Лев Сидоровский: «Ваш указ — филькина грамота…»

Loading

Рукопись первого тома «Чонкина» гуляла по рукам и в конце концов оказалась во Франк­фурте-на-Майне, на страницах эмигрантских «Граней». Тут же Сергей Михалков на писательском собрании объявил его «собс­твенным корреспондентом белогвардейского антисоветского журнала». Секретариат ССП вызвал Войновича на «комиссию»…

«Ваш указ — филькина грамота…»

40 лет назад был лишен советского гражданства Владимир Войнович
(26 сентября 1932–27 июля 2018)

Лев Сидоровский

НЕДАВНО я позвонил в Италию замечательному журналисту Марио Корти, которого с сентября 2006-го в течение двух лет почти регулярно встречал в родной редакции «Невского време­ни»: он был тогда нашим собкором по странам Западной Европы, и его публикации о самых громких мировых событиях неизменно вызывали читательский интерес:

— Марио, из книги Владимира Войновича «Автопортрет. Роман моей жизни» я узнал, что, оказывается, его знаменитого, запрещенного в СССР «Чонкина» «за бугор» тайно переправил ты! Почему сей героический факт скрывал от кол­лег?

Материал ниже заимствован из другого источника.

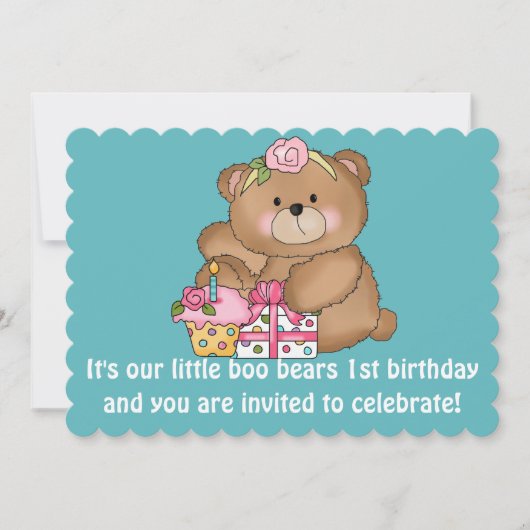 Invitation pour la fête d'anniversaire de l'ours L (Devant)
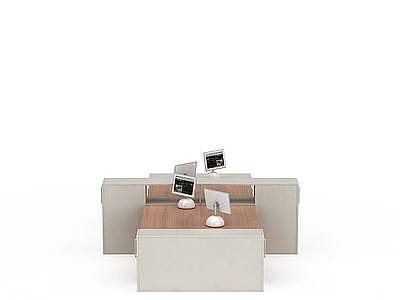 白色木质办公桌模型3d模型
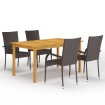 Juego de comedor para jardín 5 piezas marrón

Ну, насчет «героического» ты явно загнул. С 1972-го (мне еще не было тридцати) я работал в итальянском посольст­ве в Москве переводчиком. Хотя дипломатического статуса и паспорта у меня не было, к диппочте доступ имел. Я был зна­ком со многими правозащитниками и писателями и переправлял их «самиздат» на Запад регулярно. Что именно? Ну, например, «Случай на даче» Александра Горлова, какую-то книгу Роя Мед­ведева, «Без рук, без ног» и «Демобилизацию» Владимира Корни­лова, несколько номеров «Хроники текущих событий», экземпляр «Из-под глыб» — всего не упомнить… У Войновича, в «писательском» доме на улице Черняховского, бывал часто, и он передал мне вторую книгу «Чонкина».. Первая попала на Запад через Прагу с по­мощью моего друга Мартина Дьюхэрста, который преподавал русскую литературу студентам университета в Глазго. Естест­венно, за мной была слежка и, вследствие протестов со стороны советских властей, мое же итальянское начальство в апреле 1975-го попросило меня покинуть пределы СССР в течение су­ток…

* * *

ТУТ я хочу для читателей осветить жизнь Марио чуть подробнее. Писатель, переводчик, журналист, он родился в 1945-м под Миланом. Работал на заводе в Германии, переводчи­ком в Турине и на миланской шинной фабрике «Пирелли». С 1972-го, как уже сказано выше, в течение трех лет — перевод­чик посольства Италии в Москве. В середине 70-х — член ред­коллегии журнала «Russia Cristiana» в Милане. В 1975-м стал одним из основателей издательства «La casa di Matriona», публикующего тексты по русской культуре и истории. В 1977-м организовывал Сахаровские слушания в Риме. С 1979-го — на радио «Свобода» в Мюнхене: аналитик, начальник отдела «Са­миздата», редактор и издатель еженедельника «Материалы Самиздата». В 1990-1994 — заместитель директора, затем — ди­ректор отдела информационных ресурсов НИИ РС-РСЕ. С 1995-го вместе с радио «Свобода» перебрался в Прагу. С 1998-го по 2003-й возглавлял Русскую службу радиостанции. С 2006-го по 2008-й — собственный корреспондент «Невского времени», где я с ним и познакомился…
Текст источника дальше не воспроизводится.